AUSTRALIAN MARKET HITS NEW RECORD HIGHS

Mark Lister, 30 July 2019

The Australian sharemarket reached a milestone this week, with the ASX 200 index finally surpassing its 2007 peak.

All sharemarkets declined in the wake of the global financial crisis (GFC), but some have recovered more quickly than others.

The S&P 500 index in the US regained its 2007 peak six years ago, and has since gone on to rise another 93.0 per cent. Similarly, the NZX All capital index surpassed its pre-GFC highs in 2016, and is currently sitting 52.0 per cent above those levels.

 

ASX 200

 

It’s probably a bit unfair on the Australian market to compare it to the US and New Zealand, which have been two of the standout regions in terms of returns. When we look at other markets around the world, Australia doesn’t look too bad at all.

European shares remain 5.5 per cent below the levels they reached back in 2007, while Japanese and Emerging Market shares are 17.6 per cent and 21.9 per cent lower respectively.

We should also include dividends when comparing different markets, particularly for regions where income is a significant component of investor returns. This includes New Zealand, Australia and the UK, all of which offer gross dividend yields of 3-5 per cent per annum.

When we include dividends (by using the ASX 200 Accumulation index), the Australian market is 68 per cent above its 2007 peak. In a similar vein, US shares are 148 per cent higher and the local market leapfrogs its American counterpart to top the table with a 166 per cent return.

The UK also improves substantially, with the FTSE 100 index 79 per cent above the pre-GFC peak, compared with just 14.2 per cent for the capital only variant.

There are a number of reasons the Australian market has lagged New Zealand and the US over the past ten years. One factor has been the makeup of the market itself. More than 55 per cent of Australian sharemarket is comprised of financials, materials and energy shares.

These sectors have faced challenges at various times in recent years. The banks have grappled with increasing regulatory scrutiny and falling house prices, while the mining and energy sectors have followed the fortunes of the volatile Chinese economy and commodity prices.

In contrast, the US is a much more diversified market to begin with, with the biggest sector being information technology, at almost 22 per cent of the S&P 500 index. Technology shares have performed incredibly well, having risen more than 120 per cent over the last five years.

As far as New Zealand goes, you could say we have been in the right place at the right time. Defensive companies that pay steady dividends dominate the NZX, and a high proportion of listed property, electricity companies and infrastructure businesses has seen our market perform incredibly well as interest rates have fallen to record lows.

The Australia economy still faces some challenges. The reliance on China is high, consumption remains soft following house price declines in recent years, the banks continue to face headwinds, and the political backdrop is still somewhat testing.

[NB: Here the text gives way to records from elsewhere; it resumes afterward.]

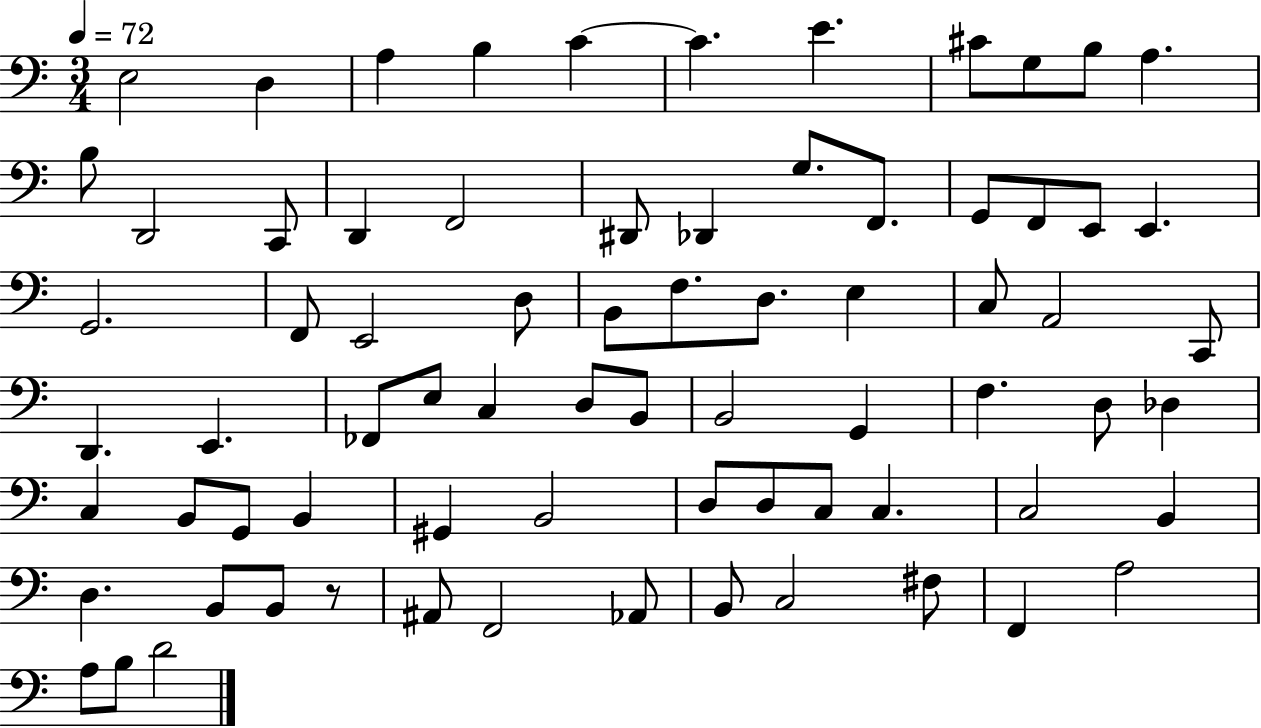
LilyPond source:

{
  \clef bass
  \numericTimeSignature
  \time 3/4
  \key c \major
  \tempo 4 = 72
  e2 d4 | a4 b4 c'4~~ | c'4. e'4. | cis'8 g8 b8 a4. | \break b8 d,2 c,8 | d,4 f,2 | dis,8 des,4 g8. f,8. | g,8 f,8 e,8 e,4. | \break g,2. | f,8 e,2 d8 | b,8 f8. d8. e4 | c8 a,2 c,8 | \break d,4. e,4. | fes,8 e8 c4 d8 b,8 | b,2 g,4 | f4. d8 des4 | \break c4 b,8 g,8 b,4 | gis,4 b,2 | d8 d8 c8 c4. | c2 b,4 | \break d4. b,8 b,8 r8 | ais,8 f,2 aes,8 | b,8 c2 fis8 | f,4 a2 | \break a8 b8 d'2 | \bar "|."
}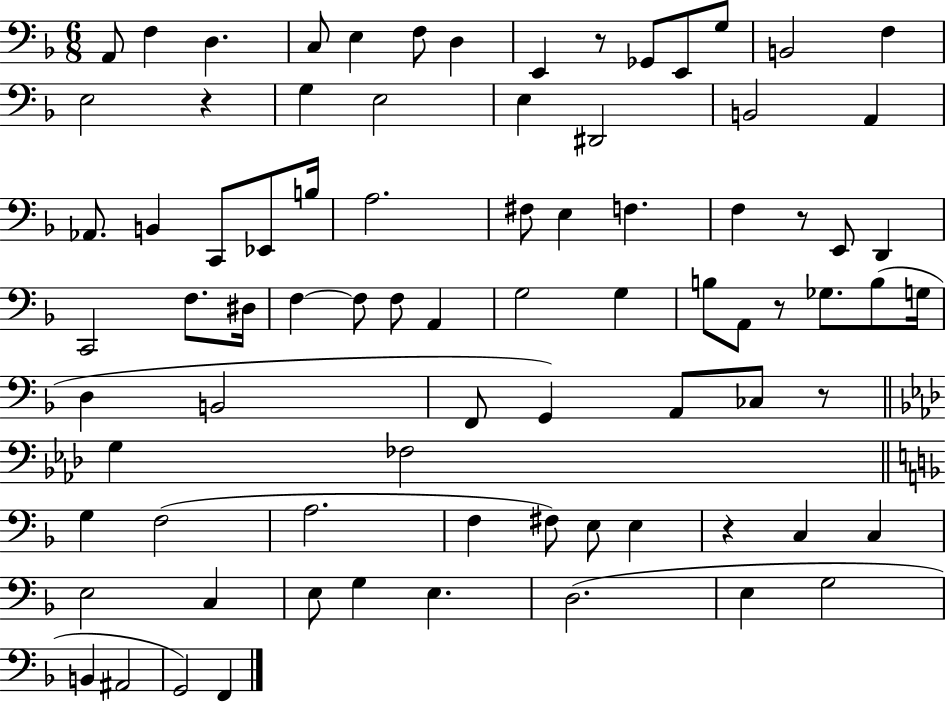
A2/e F3/q D3/q. C3/e E3/q F3/e D3/q E2/q R/e Gb2/e E2/e G3/e B2/h F3/q E3/h R/q G3/q E3/h E3/q D#2/h B2/h A2/q Ab2/e. B2/q C2/e Eb2/e B3/s A3/h. F#3/e E3/q F3/q. F3/q R/e E2/e D2/q C2/h F3/e. D#3/s F3/q F3/e F3/e A2/q G3/h G3/q B3/e A2/e R/e Gb3/e. B3/e G3/s D3/q B2/h F2/e G2/q A2/e CES3/e R/e G3/q FES3/h G3/q F3/h A3/h. F3/q F#3/e E3/e E3/q R/q C3/q C3/q E3/h C3/q E3/e G3/q E3/q. D3/h. E3/q G3/h B2/q A#2/h G2/h F2/q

However, the ASX is home to some genuine world class businesses. Many of these have been exceptional performers in recent years, and the outlook remains very encouraging.

Examples include infrastructure companies like APA Group, Sydney Airport and Transurban, as well as healthcare heavyweights CSL, Ramsay Health Care and Resmed. There are also a number of high quality businesses operating on a global scale, such as Amcor.